• _WHAT IS EXPECTED_: Without the pictures, restate all of the data below word for word.
*** GIVEN INFORMATION
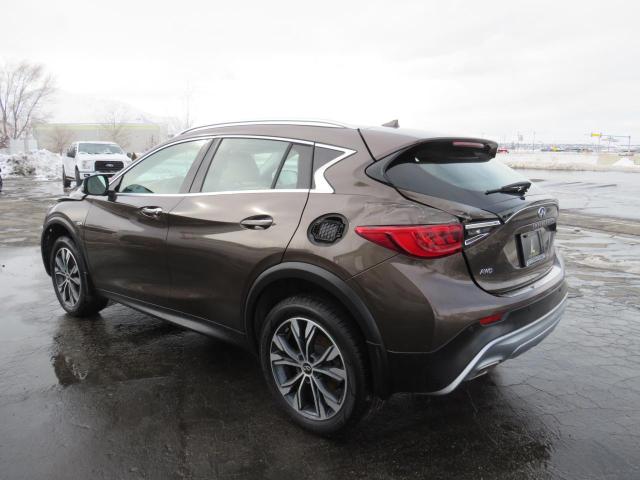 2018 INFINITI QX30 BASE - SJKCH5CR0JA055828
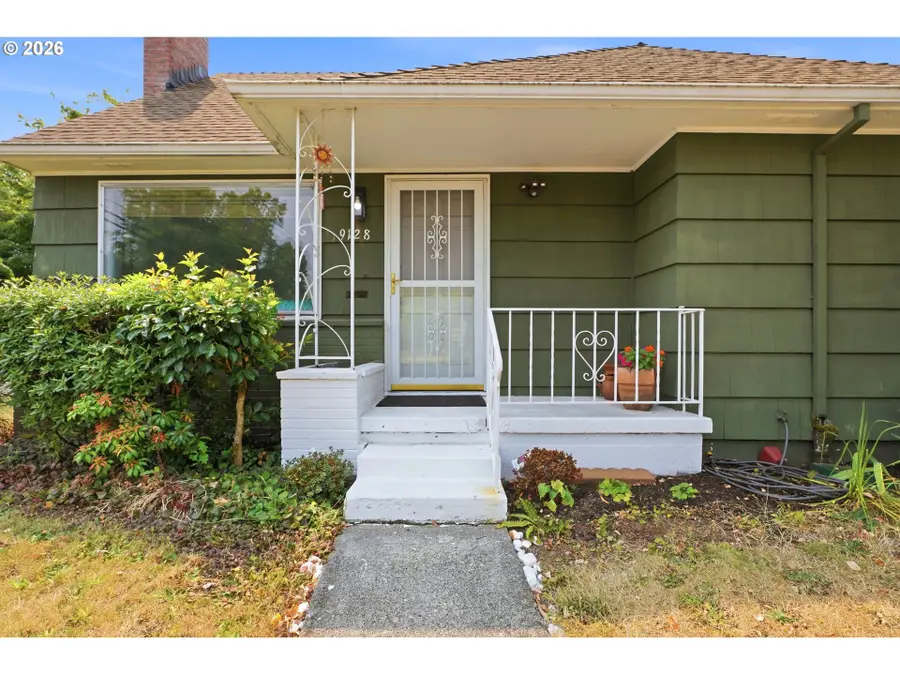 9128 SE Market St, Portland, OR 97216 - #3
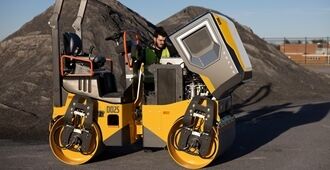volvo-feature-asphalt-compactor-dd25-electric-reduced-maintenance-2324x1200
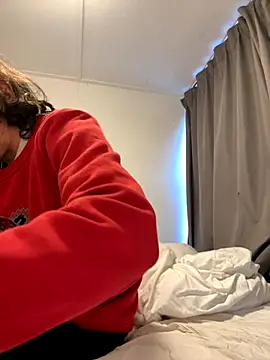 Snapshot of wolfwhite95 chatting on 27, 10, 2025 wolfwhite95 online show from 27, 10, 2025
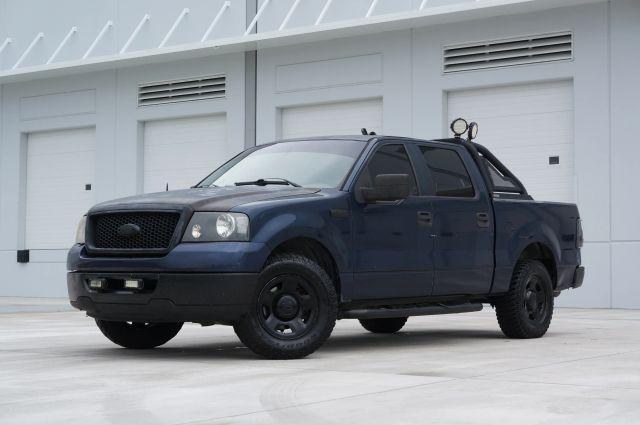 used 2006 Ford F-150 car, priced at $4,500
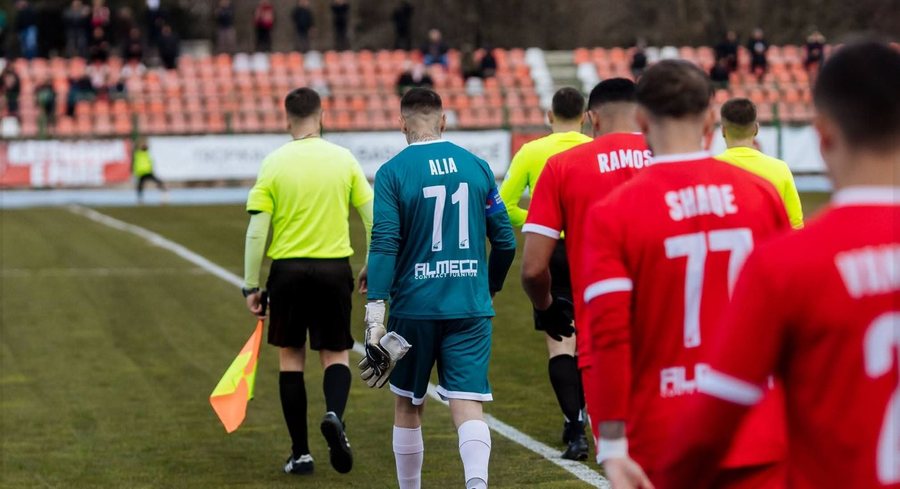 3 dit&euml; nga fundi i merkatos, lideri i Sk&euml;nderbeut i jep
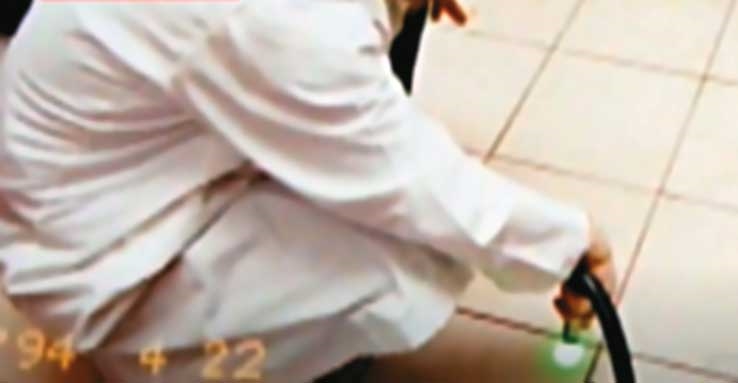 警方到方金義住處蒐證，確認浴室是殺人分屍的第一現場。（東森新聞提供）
******
• _SOLUTION FOR THIS EXERCISE_:
 2018 INFINITI QX30 BASE - SJKCH5CR0JA055828
 9128 SE Market St, Portland, OR 97216 - #3
volvo-feature-asphalt-compactor-dd25-electric-reduced-maintenance-2324x1200
 Snapshot of wolfwhite95 chatting on 27, 10, 2025 wolfwhite95 online show from 27, 10, 2025
 used 2006 Ford F-150 car, priced at $4,500
 3 dit&euml; nga fundi i merkatos, lideri i Sk&euml;nderbeut i jep
 警方到方金義住處蒐證，確認浴室是殺人分屍的第一現場。（東森新聞提供）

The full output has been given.